Zero-Inflated Probabilistic PCA framework with logistical normal multinomial distribution (ZIPPCA-LNM)
install.packages("devtools")
devtools::install_github("YanyZeng/ZIPPCAlnm")
library(ZIPPCAlnm)
Zero-Inflated Probabilistic PCA framework with logistical normal multinomial distribution (ZIPPCA-LNM), that extends probabilistic PCA from the Gaussian setting to multivariate abundance data, and an empirical Bayes approach was proposed for inferring microbial compositions. An efficient VA algorithm, classification VA, has been developed for fitting this model.

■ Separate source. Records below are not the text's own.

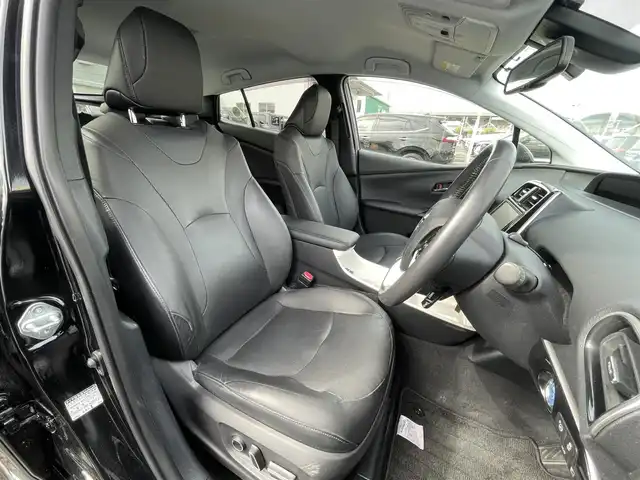 トヨタ プリウス A プレミアム 東京都 2016(平28)年 1.6万km 黒 社外エアロ/純正ナビ/バックモニター/プリクラッシュセーフティ/ブラインドスポットモニター/レーンディパーチャーアラート/クルーズコントロール/シートヒーター/ＥＴ/パワーシート/黒革シート/純正ブラックオールペイント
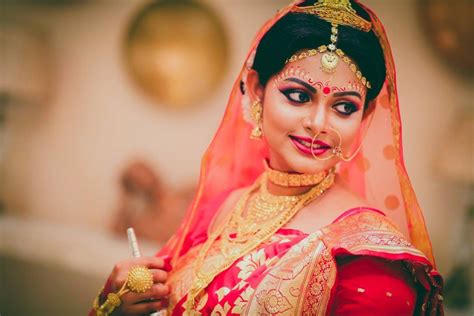 Pretty bengali bride ...Parineeta FB | Bengali bride, Bengali wedding, Indian bridal makeup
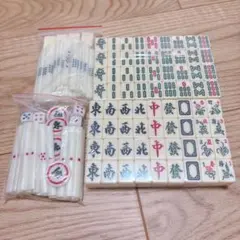 麻雀牌 クッション 13個 しまむら - メルカリ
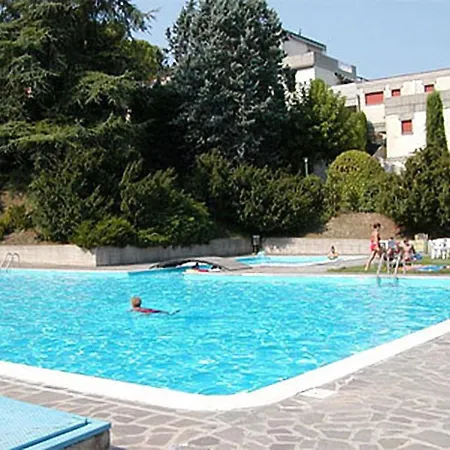Villaggio Boschetti Mgh 1 Apartamento *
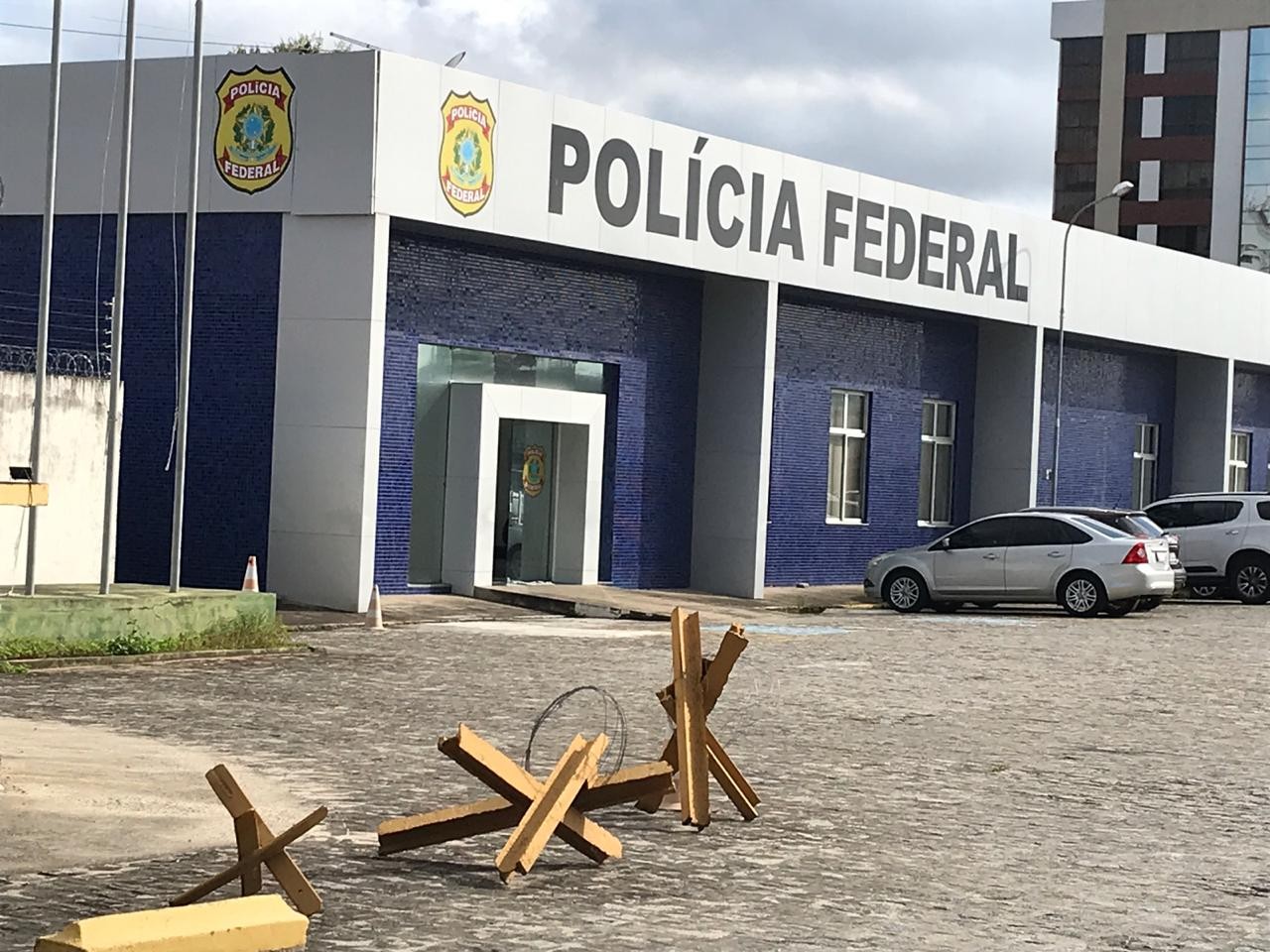 Polícia Federal desarticula esquema de empréstimos fraudulentos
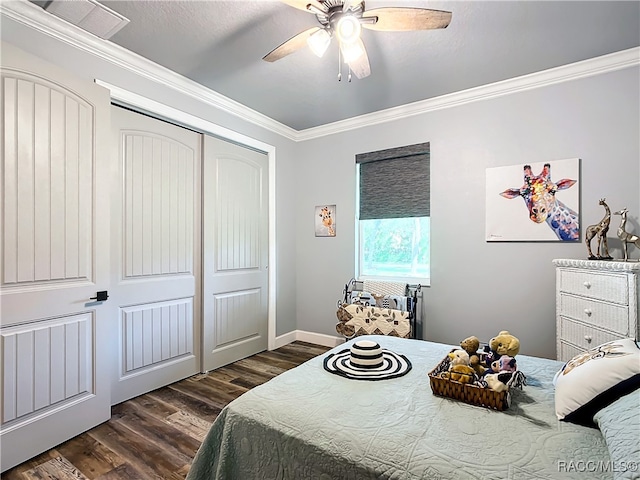 bedroom with dark hardwood / wood-style floors, a closet, crown molding, and ceiling fan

ZIPPCAlnm(X, V=NULL, n.factors=2, rank=FALSE,
trace = FALSE, maxit = 100, parallel=TRUE,sd.errors=FALSE,level=0.95)
- X: count matrix of observations.
- V: vector of the sample covariate.
- n.factors: the rank or number of factors, after dimensional reduction. Defaults to 2.
- rank: FALSE, "BIC" or "CV". Indicating whether the rank or number of factors, is chosen from 1 to 5. Options are "BIC" (Bayesian information criterion), and "CV" (Cross-validation). BIC is recommended. Defaults to FALSE.

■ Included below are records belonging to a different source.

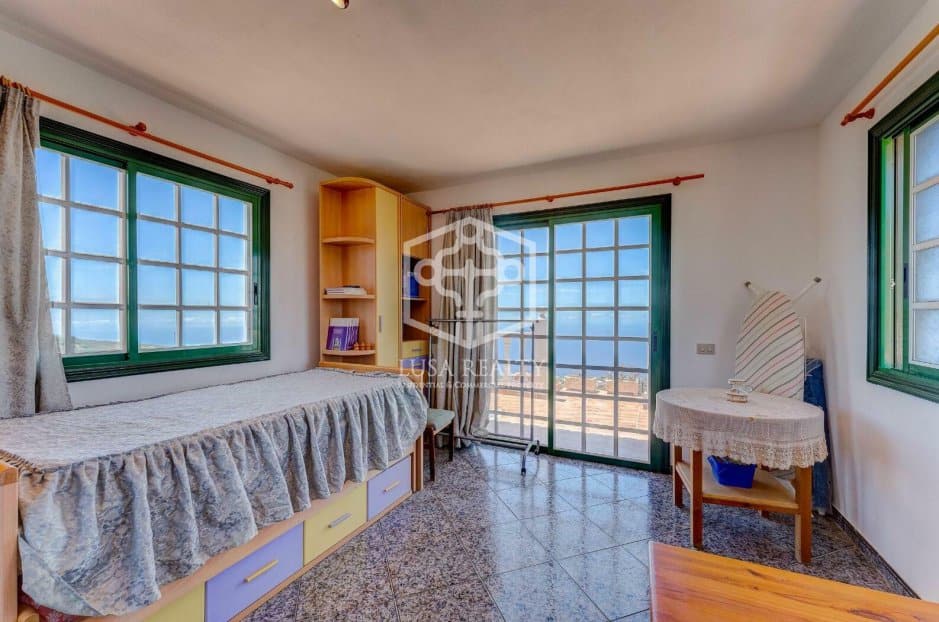 Villa a Adeje, Tenerife, Spagna 6 camere da letto, 214 mq. N° 94508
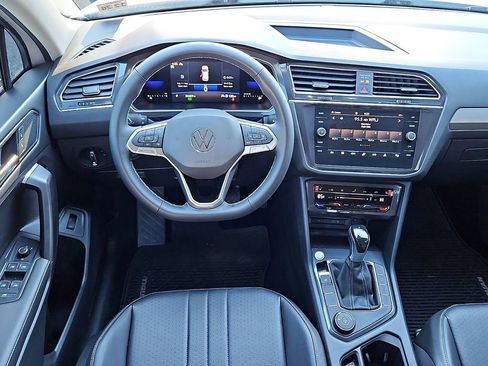 Certified 2022 Volkswagen Tiguan SE image 11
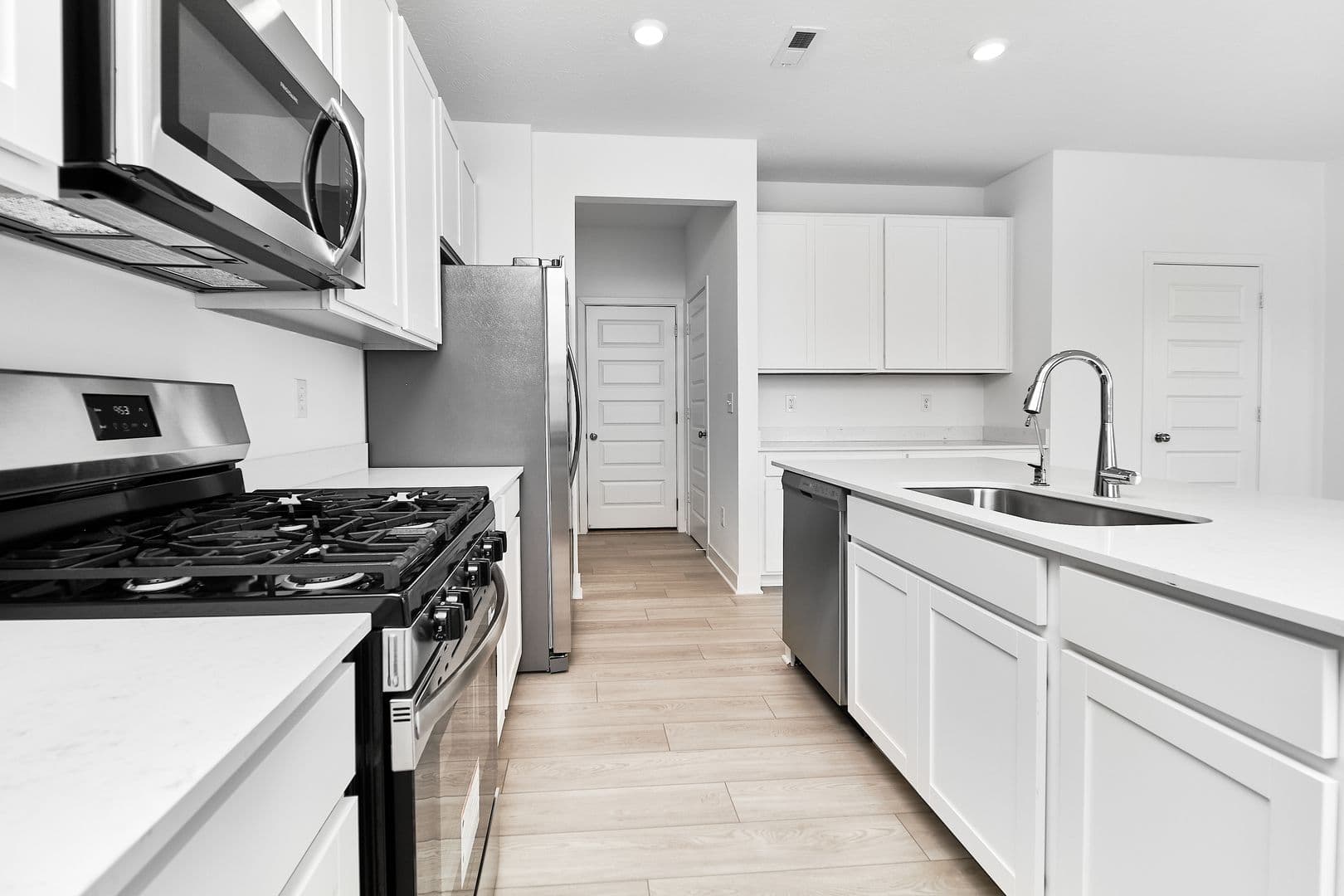 Fortville House: (BEV287) 8603 Georgina Street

- trace: logical, defaults to \code{FALSE}. if \code{TRUE} each current iteration step information will be printed.
- maxit: maximum number of iterations within \code{optim} and \code{constrOptim} function, defaults to 100.
- parallel: logical, if TRUE, use parallel toolbox to accelerate.
- sd.errors: logical, defaults to \code{FALSE}. if \code{TRUE} the sandwich estimators will be calculated.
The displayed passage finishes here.